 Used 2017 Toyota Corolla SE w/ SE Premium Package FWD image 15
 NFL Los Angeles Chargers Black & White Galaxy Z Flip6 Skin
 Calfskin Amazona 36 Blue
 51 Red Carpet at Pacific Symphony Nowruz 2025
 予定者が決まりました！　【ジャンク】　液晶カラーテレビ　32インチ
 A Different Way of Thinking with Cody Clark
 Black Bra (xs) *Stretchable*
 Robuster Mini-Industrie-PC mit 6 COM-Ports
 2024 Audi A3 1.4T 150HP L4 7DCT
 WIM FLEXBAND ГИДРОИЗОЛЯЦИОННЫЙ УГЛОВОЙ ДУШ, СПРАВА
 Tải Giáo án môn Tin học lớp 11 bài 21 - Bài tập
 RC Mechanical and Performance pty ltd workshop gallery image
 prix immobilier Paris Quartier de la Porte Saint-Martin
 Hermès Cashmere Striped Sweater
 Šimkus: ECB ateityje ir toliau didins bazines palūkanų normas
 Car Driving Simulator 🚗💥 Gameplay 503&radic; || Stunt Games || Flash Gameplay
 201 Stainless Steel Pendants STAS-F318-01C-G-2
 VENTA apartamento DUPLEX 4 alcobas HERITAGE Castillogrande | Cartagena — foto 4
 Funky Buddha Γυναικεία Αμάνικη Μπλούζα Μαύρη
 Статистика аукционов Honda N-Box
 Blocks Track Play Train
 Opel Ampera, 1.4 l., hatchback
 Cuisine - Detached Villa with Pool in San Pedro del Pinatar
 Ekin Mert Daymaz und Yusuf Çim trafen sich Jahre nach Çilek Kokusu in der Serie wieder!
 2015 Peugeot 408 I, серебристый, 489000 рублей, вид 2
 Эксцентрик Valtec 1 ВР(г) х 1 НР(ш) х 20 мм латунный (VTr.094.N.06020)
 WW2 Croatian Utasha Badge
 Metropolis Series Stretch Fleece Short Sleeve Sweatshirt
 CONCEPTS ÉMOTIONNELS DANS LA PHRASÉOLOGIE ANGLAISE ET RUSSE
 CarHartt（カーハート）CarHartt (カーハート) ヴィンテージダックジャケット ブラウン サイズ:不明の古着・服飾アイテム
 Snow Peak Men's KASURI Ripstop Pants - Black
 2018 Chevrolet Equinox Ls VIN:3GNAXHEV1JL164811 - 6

[EXERCISE]: Could you reproduce the lines above, from the one that holds "Tải Giáo án" through the last, exactly as they stand?

[ANSWER TO THE PROBLEM]:
 Tải Giáo án môn Tin học lớp 11 bài 21 - Bài tập
 RC Mechanical and Performance pty ltd workshop gallery image
 prix immobilier Paris Quartier de la Porte Saint-Martin
 Hermès Cashmere Striped Sweater
 Šimkus: ECB ateityje ir toliau didins bazines palūkanų normas
 Car Driving Simulator 🚗💥 Gameplay 503&radic; || Stunt Games || Flash Gameplay
 201 Stainless Steel Pendants STAS-F318-01C-G-2
 VENTA apartamento DUPLEX 4 alcobas HERITAGE Castillogrande | Cartagena — foto 4
 Funky Buddha Γυναικεία Αμάνικη Μπλούζα Μαύρη
 Статистика аукционов Honda N-Box
 Blocks Track Play Train
 Opel Ampera, 1.4 l., hatchback
 Cuisine - Detached Villa with Pool in San Pedro del Pinatar
 Ekin Mert Daymaz und Yusuf Çim trafen sich Jahre nach Çilek Kokusu in der Serie wieder!
 2015 Peugeot 408 I, серебристый, 489000 рублей, вид 2
 Эксцентрик Valtec 1 ВР(г) х 1 НР(ш) х 20 мм латунный (VTr.094.N.06020)
 WW2 Croatian Utasha Badge
 Metropolis Series Stretch Fleece Short Sleeve Sweatshirt
 CONCEPTS ÉMOTIONNELS DANS LA PHRASÉOLOGIE ANGLAISE ET RUSSE
 CarHartt（カーハート）CarHartt (カーハート) ヴィンテージダックジャケット ブラウン サイズ:不明の古着・服飾アイテム
 Snow Peak Men's KASURI Ripstop Pants - Black
 2018 Chevrolet Equinox Ls VIN:3GNAXHEV1JL164811 - 6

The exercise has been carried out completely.